With the complexity of this setup come two problems: firstly, the time-cost spent tracking and maintaining each mechanism, and secondly, the monetary cost of multiple processing facilities, exchange rate commissions, standing charges, and so on.
As the amount of trading climbs, too, regulatory authorities are more likely to sit up and pay attention to issues like compliance, tax regulations, the sovereignty of financial data, and a whole wealth of red tape.
Ideally, there would be a facility that would provide daily reconciliation from all places where goods and services are being traded, fast settlements and high rates of payment acceptance. That would give the business time to concentrate on expanding into new markets, building a community of buyers and refining issues like customer experience – just the types of elements that separate online retailers from one another in their customers’ eyes.
That type of facility is one that’s been the territory of very large online traders – the type of company that has the financial weight to negotiate with multiple banks and clearing facilities all over the world. For “the rest of us”, a piecemeal and usually more expensive series of solutions may have been strung together. Unfortunately, due to those problems touched on above, it’s just not scalable.
The worst aspect of not having access to high-end facilities is the disjointed customer experience that smaller companies are forced to offer. On the level playing field that is the internet, CX is the one differentiating factor that potential customers give significant thought to. It’s vital, therefore, to offer potential customers a seamless payment experience across web stores, apps and in every retail situation. It has to be local, easy, safe, and effectively help the brand build trust among its customer base.
In today’s retail world, options like refunds, part-payments, chargebacks and even subscription-based payment plans are considered table stakes to build an international online presence. Again, here is another area where smaller retailers – by that, we mean anyone smaller than a household name – can struggle to compete without a suitable technology platform.
That technology platform is now available for smaller merchants that want to sell internationally (on many platforms) as easily as they do domestically.
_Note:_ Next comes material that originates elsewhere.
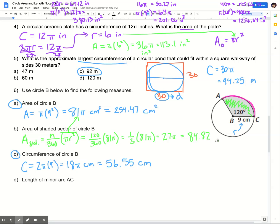If you just did 120 times 81 divided by 360 in your calculator, you would still end up at 27π. Choose the method that makes the most sense to you. If you prefer to reduce the fraction to make the numbers smaller, you can. If you prefer to just plug everything into your calculator and let it do the arithmetic, you can do that as well.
Payoneer is trusted for payment acceptance services by many thousands of merchants, and it’s been providing financial products for digital merchant organizations both large and small for many years. Its new Payoneer Checkout facility lets merchants take major credit cards (Mastercard & Visa) in over 120 currencies and converts them into Euros or Dollars for no fees. From the Checkout facility, merchants can pay their suppliers directly as if it were a standard business bank account and transfer funds to the company’s accounts easily. It’s a single channel through which monies can flow to and from over a hundred countries around the world.
One of the most attractive features of Payoneer Checkout is how it aggregates multiple payment facilities across all the platforms, websites, marketplaces and apps operated by a retailer and provides a single dashboard that tracks all transactions from all over the globe. Wherever a business owner feels there’s a niche, or an opportunity, the Payoneer Checkout platform provides what’s needed to trade there safely and in ways that will help the company build a new community of buyers.
Often, large payment gateways or provider platforms are somehow stunted versions of the facilities offered to large multinationals – but this isn’t the case with Payoneer Checkout. It allows small merchants to grow globally without the overheads of developing new technology systems in-house to process monetary movements (or paying extortionate fees to use someone else’s platform).
Payoneer has always been a digital-first platform – unlike older banking services, it has no legacy technological debt that limits how and where its users can operate. For example, it can be addressed directly via APIs, embedded in an iFrame, or can take payments externally from retailers’ online real estate (returning shoppers to the webstore or app once the financial transaction has happened).
For merchants based in the APAC region looking to expand into markets anywhere in the world, on any platform, the Payoneer Checkout platform removes the data complexity and infrastructure overheads that would normally be associated with trading in a new geography. Instead, merchants can focus on creating customer experiences that express their brand values and be sure that they are operating with financial integrity.